**Data shown:**
——————————

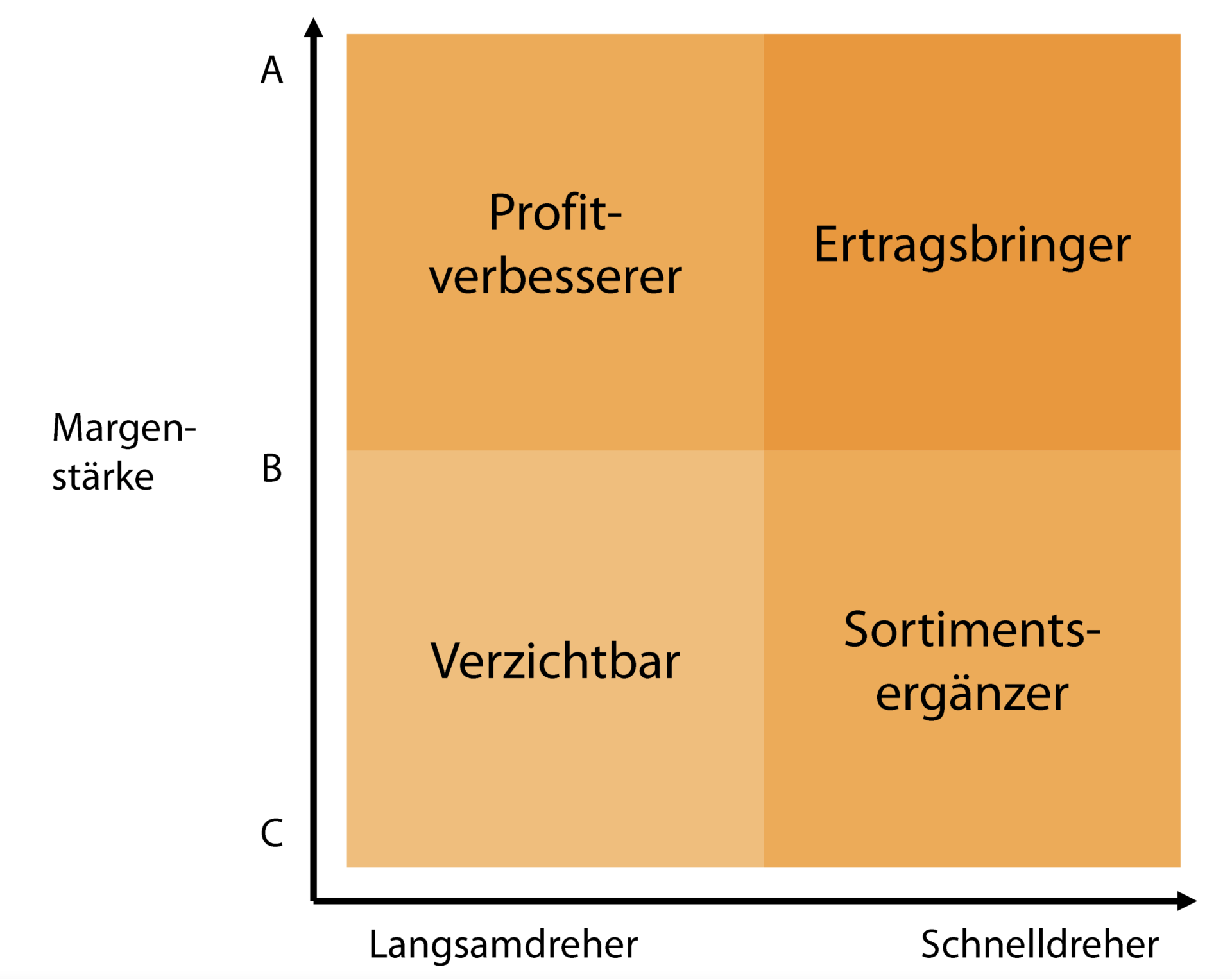 Category Management mit ERP-Systemen 2 erp 2 15 gronau bild2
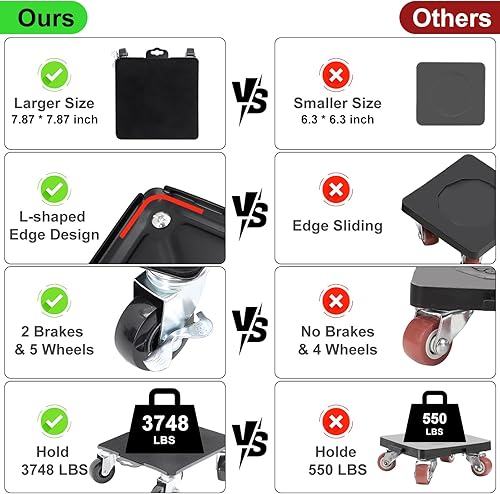 Miniatura 9 de Mover grande y pesado para muebles con 4 ruedas de rotación de 360, mezcla de acero al carbono de 6.5 x 6.5 pulgadas, mezcla de hasta 3747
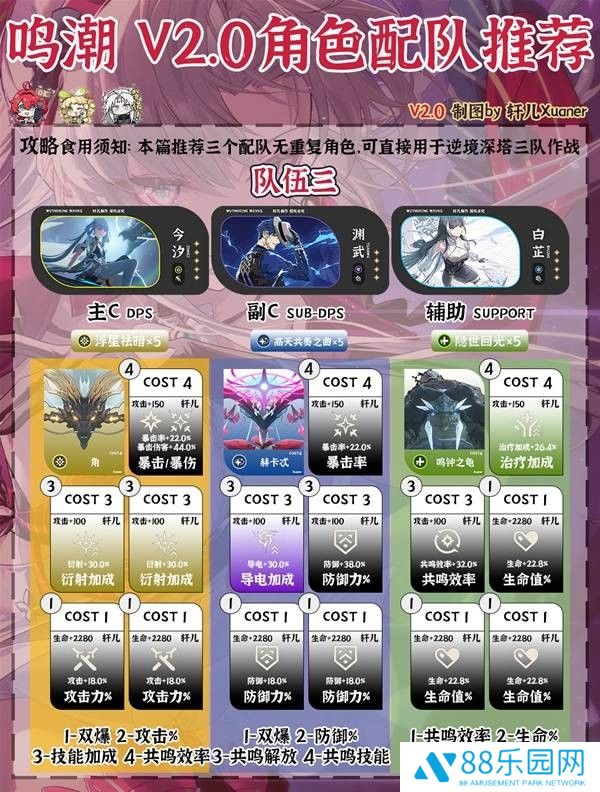 《鸣潮》2.0洛可可最强配队推荐4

——————————

**What to do:**
Reproduce the listing exactly, images omitted.

**Response to the exercise:**
 Category Management mit ERP-Systemen 2 erp 2 15 gronau bild2
 Miniatura 9 de Mover grande y pesado para muebles con 4 ruedas de rotación de 360, mezcla de acero al carbono de 6.5 x 6.5 pulgadas, mezcla de hasta 3747
 《鸣潮》2.0洛可可最强配队推荐4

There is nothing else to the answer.